The centenary of the start of World War I has prompted three fascinatingly different responses on London's fringe this year, says Rachel Halliburton.

 
 

Fringe Theatre: World War I

 
Lost Boy

Lost Boy

 

The first response, Lost Boy is a musical at the Finborough Theatre by fringe stalwart Phil Willmott. A dark sequel to Peter Pan, it brings together J M Barrie's characters on the eve of World War I and asks how their extraordinary childhood has equipped them for reality. Southwark Playhouse presents an assembly of three short plays (including, interestingly, one by Barrie) called What The Women Did. Directed by the talented Tricia Thorns, it looks at the way women's lives were changed as they worked in munitions factories and held life together at home.

Over at Theatre Royal Stratford East, the big daddy of First World War musicals Oh What A Lovely War is being revived. Famously developed by former artistic director Joan Littlewood with her ensemble at Theatre Workshop, it's a savagely comic excoriation of the waste of young life.

 
 
 

Fringe Theatre: Conflict

 
Ballad of the Burning Star - Photo by Alex Brenner

Ballad of the Burning Star

Photo by Alex Brenner

 

Maybe it's the centenary, maybe it's the nature of the world we live in that has made conflict a dominant theme for 2014. As part of its American season, the Gate Theatre stages The Body of an American, Dan O'Brien's acclaimed work about war and war reporting in which two actors take on more than 30 roles. Over at the Bush, We Are Proud to Present... tells the rarely recounted story of the first genocide of the twentieth century in Jack Sibblies' prize-winning play about the Herero of Namibia rising up against the German colonists. Ongoing troubles in the Middle East are dealt with in two productions. In The Ballad of the Burning Star at the ever-pioneering BAC the rarely less than exciting Theatre ad Infinitum has put together a cabaret to recount the conflicted story of Israel. Music, killer heels and 'a lethal troupe of divas' are all promised.

Over at Finsbury Park's gleaming new venue Park Theatre, The Keepers of Infinite Space serves up the Palestinian perspective as it ponders on the fact that since the 1967 Israeli occupation 40% of the Palestinian male population has been detained under military orders.

 
 
 

Fringe Theatre: Communication

 
I Wish I Was Lonely - (c) Martin Figura

I Wish I Was Lonely

(c) Martin Figura

 

The topic of communication - or the lack of it - is another point of obsession. Back at the BAC I Wish I Was Lonely makes the audience commit to leaving their mobile phones ON when they visit. This show asks the key question, how much of ourselves have we given up to the Gods in our pockets? The flipside of being eternally connected is the knowledge that sometimes even when we are closely observed we are utterly alone. Carthage at the Finborough Theatre looks at the story of a man whose death is recorded on CCTV because he is in prison. Despite this, no-one can say whose fault it is in this tragedy which pieces together an individual's life and death in the care system.
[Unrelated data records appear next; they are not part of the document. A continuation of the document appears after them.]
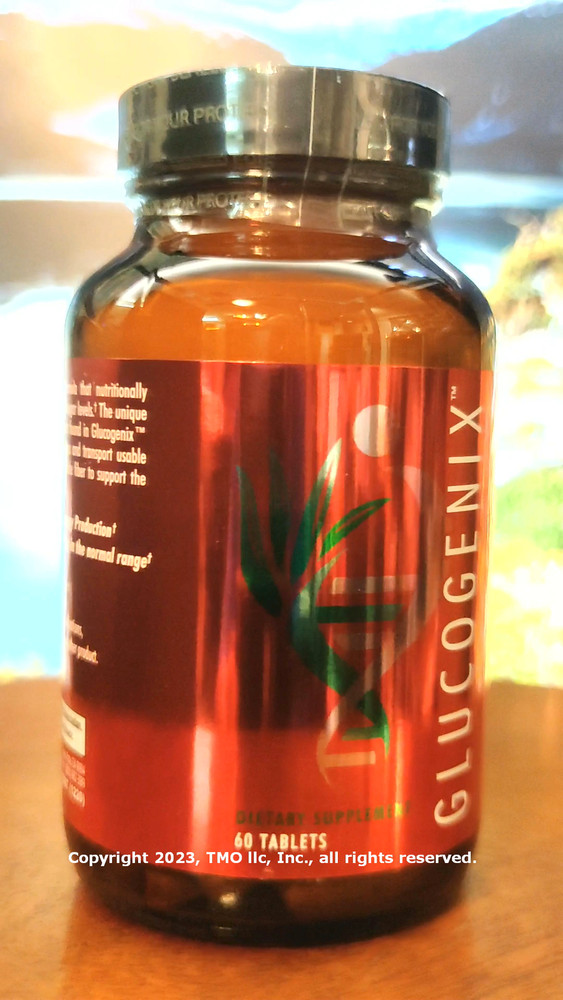 Youngevity ns Glucogenix - 60 Tablets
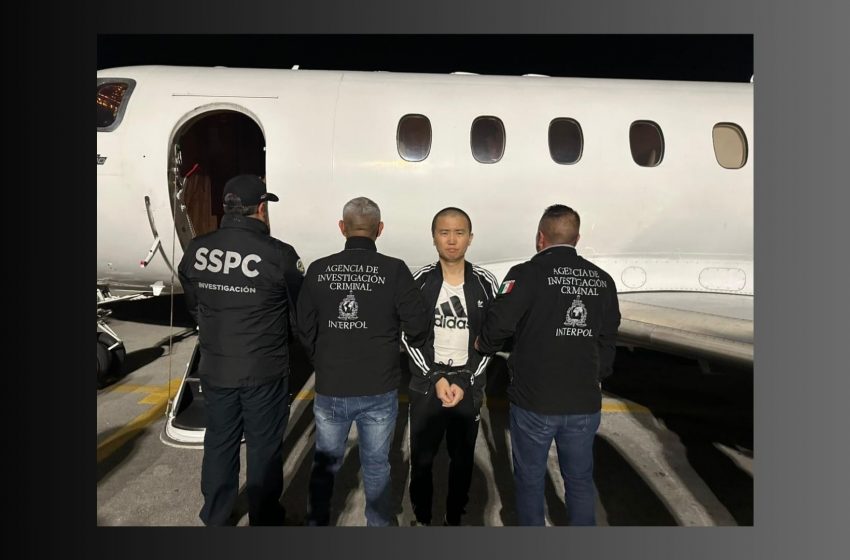 Extraditan a EE.UU. a Zhi Dong Zhang, presunto traficante de fentanilo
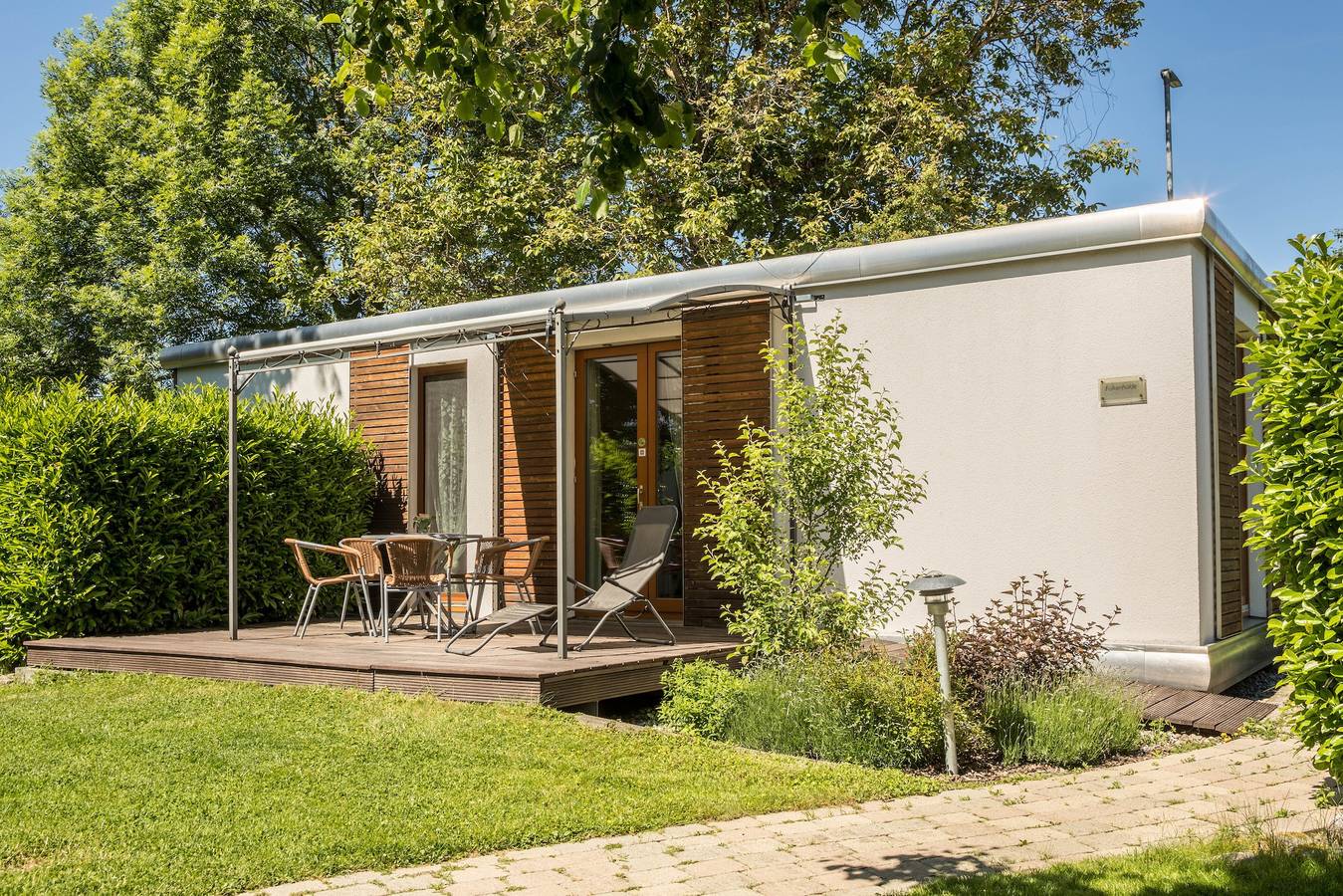 Charmantes "Ferienhaus Falkenhalde" mit Wlan, Terrasse und Garten; Parkplätze vorhanden in Deggenhausertal, Region Bodensee-Oberschwaben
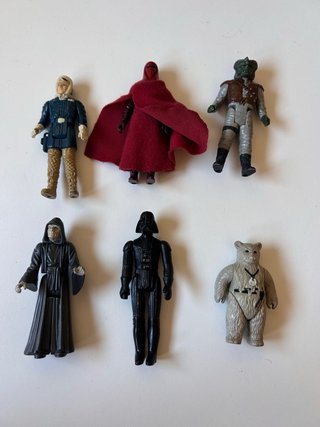 Lote Figuras Star Wars Vintage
Our illusion that we are always in touch with the rest of the world perhaps accounts for two more plays examining what happens when all communication is cut off. The enterprising Wardrobe Ensemble - whose first show at the National Theatre's Shed was a huge success - now presents '33', the tale of the men stranded half a mile underground during the Chilean miner crisis. A more existential form of isolation is examined in the Bush Theatre's Ciphers in which a young female British spy is found dead. Her sister decides to play detective, and as a result finds herself in a world where the truth collapses in on itself, finally posing the question 'How well can you know anyone who lies for a living?'

 
 
 

Fringe Theatre: Radical Productions

 
Rapture Blister Burn \ Vault Festival

Rapture Blister Burn \ Vault Festival

 

As in mainstream theatre, 'strong women' is a dominant theme. The Ugly Sisters at Soho Theatre is a spirited, bolshy reponse to Cinderella, described by one critic as an "anarchic, cabaret-style dash through the worst excesses of today's celebrity culture".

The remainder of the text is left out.